Dupe profanity list words results in error
trinker opened this issue · 1 comments
trinker commented
dats <- c(
"crowdflower_deflategate",
"crowdflower_products",
"course_evaluations",
"crowdflower_self_driving_cars",
"crowdflower_weather",
"hotel_reviews",
"kaggle_movie_reviews",
"cannon_reviews",
"kotzias_reviews_amazon_cells"
)
cdat <- combine_data(dats[1])
sdat <- get_sentences(cdat)
swears <- profanity(sdat, profanity_list = c( 'shit', 'shit'))
Error in vecseq(f__, len__, if (allow.cartesian || notjoin || !anyDuplicated(f__, :
Join results in 187093 rows; more than 187044 = nrow(x)+nrow(i). Check for duplicate key values in i each of which join to the ..
Checking to make the list unique is needed.
trinker commented
Use:
fix_profanity_list <- function(x, warn = TRUE, ...){
if(!is.atomic(x)) stop('A `profanity_list` must be an atomic character vector.')
if(!is.character(x)) stop('A `profanity_list` must be a character vector.')

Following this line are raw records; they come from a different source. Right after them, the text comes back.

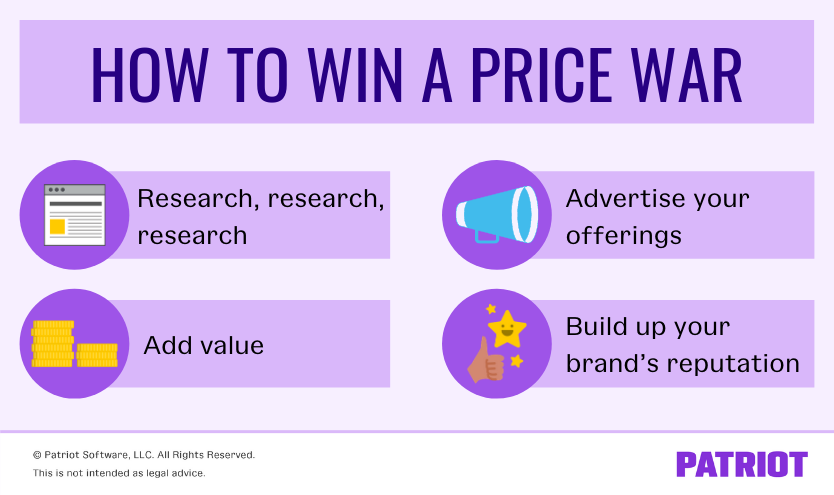 steps for winning a price war in business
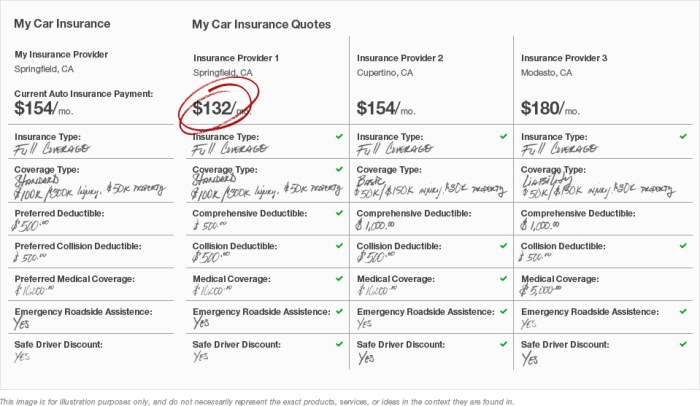 Compare Car Insurance Compare Car Insurance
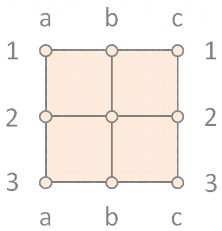 Mulino 3x3 Mulino 3x3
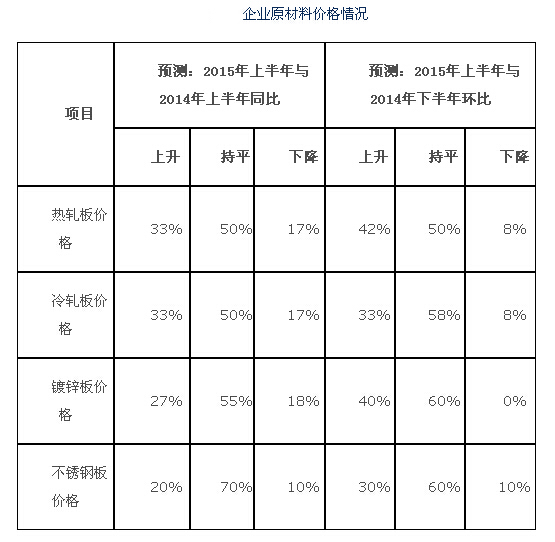 2015年上半年精沖行業(yè)發(fā)展趨勢預(yù)測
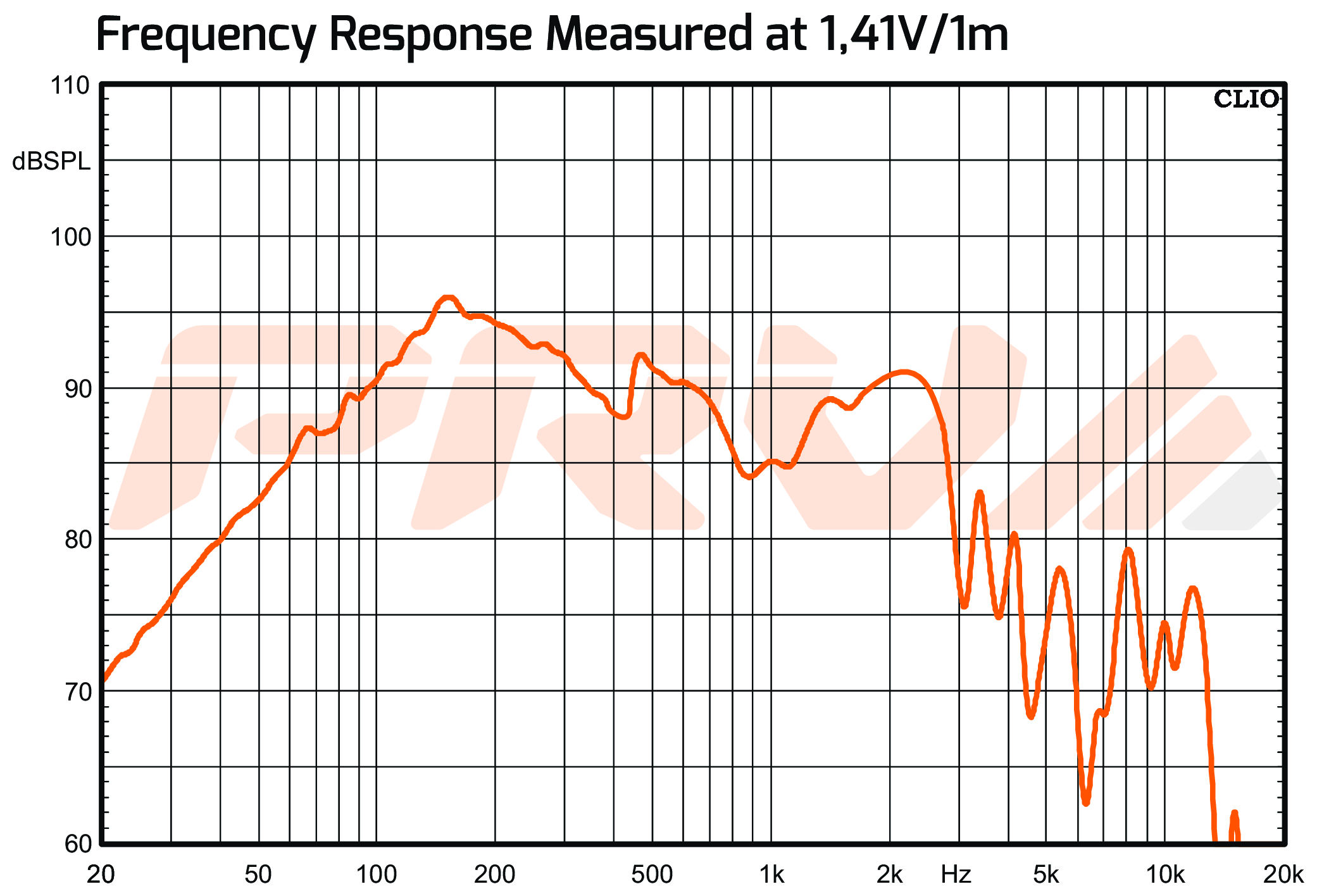 PRV Audio 12W5000-2 SPL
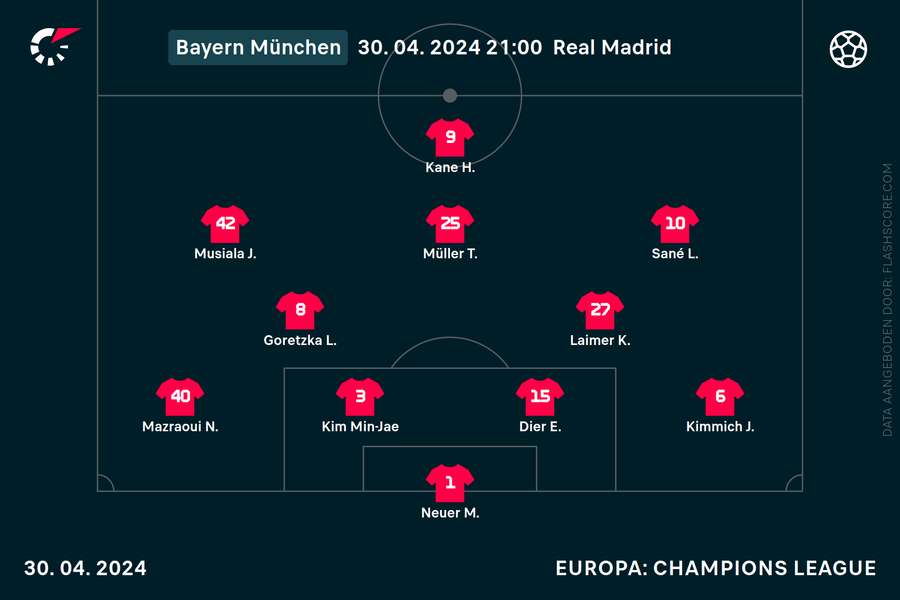 De opstelling van Bayern München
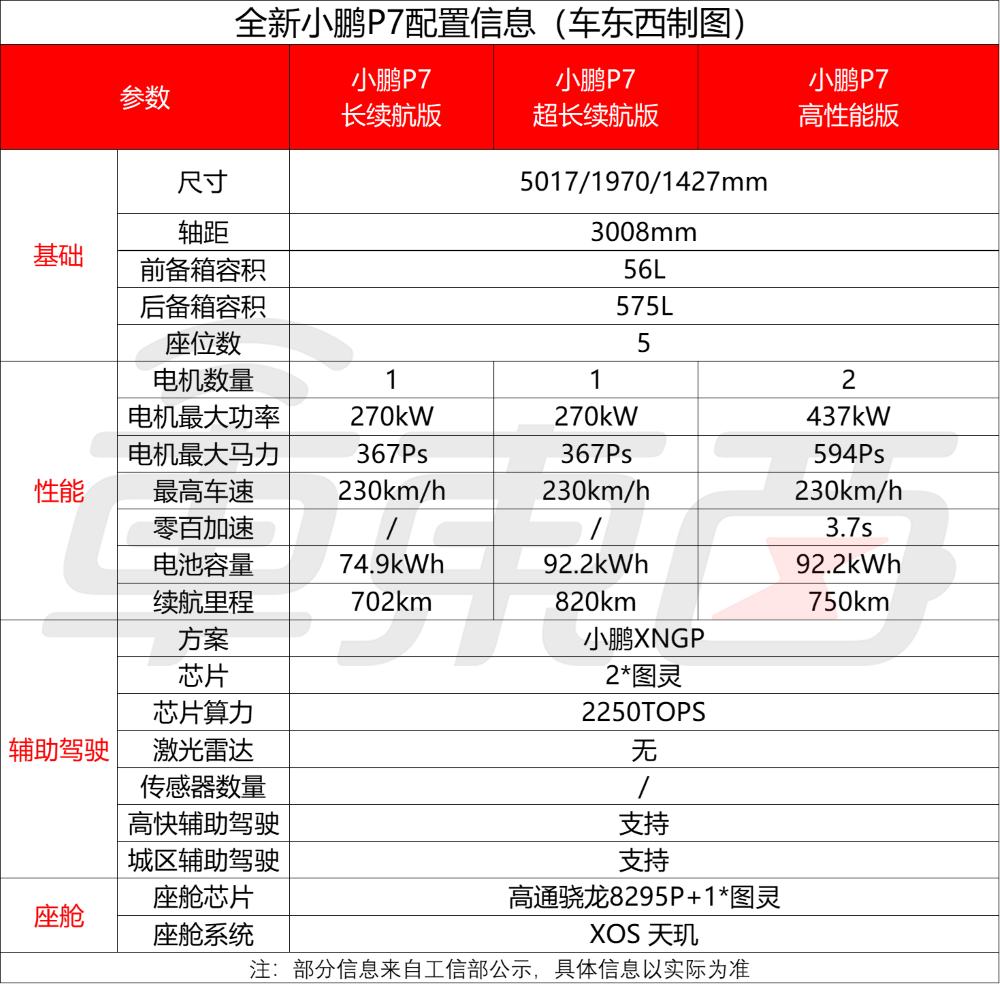 99元小订6分钟破万！全新小鹏P7亮相，何小鹏：希望重回20万以上市场前三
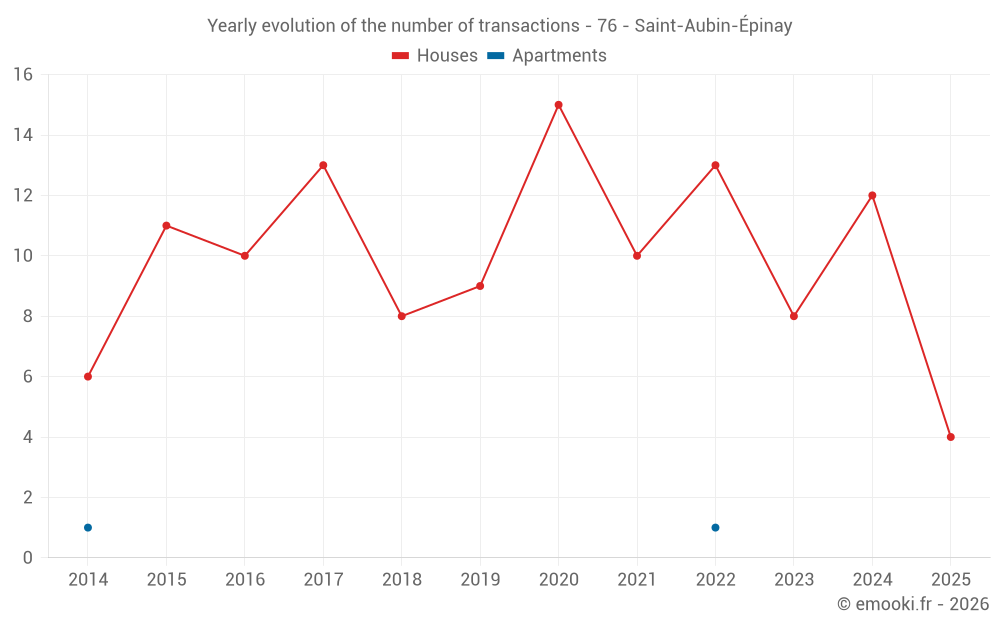 Yearly evolution of the number of transactions - 76 - Saint-Aubin-Épinay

if (any(grepl('[A-Z]', x), na.rm = TRUE)) {
if (warn) warning('Upper case characters found in `profanity_list`...\nConverting to lower', call. = FALSE)
x <- tolower(x)
}
if (anyNA(x)) {
if (warn) warning('missing values found in `profanity_list`...\nRemoving all `NA` values', call. = FALSE)
x <- x[!is.na(x)]
}
if (anyDuplicate(x) > 0) {
if (warn) warning('duplicate values found in `profanity_list`...\nRemoving all duplicates', call. = FALSE)
x <- unique(x)
}
x
}
Already in dev version as a function, just needs a line:
profanity_list <- fix_profanity_list(profanity_list)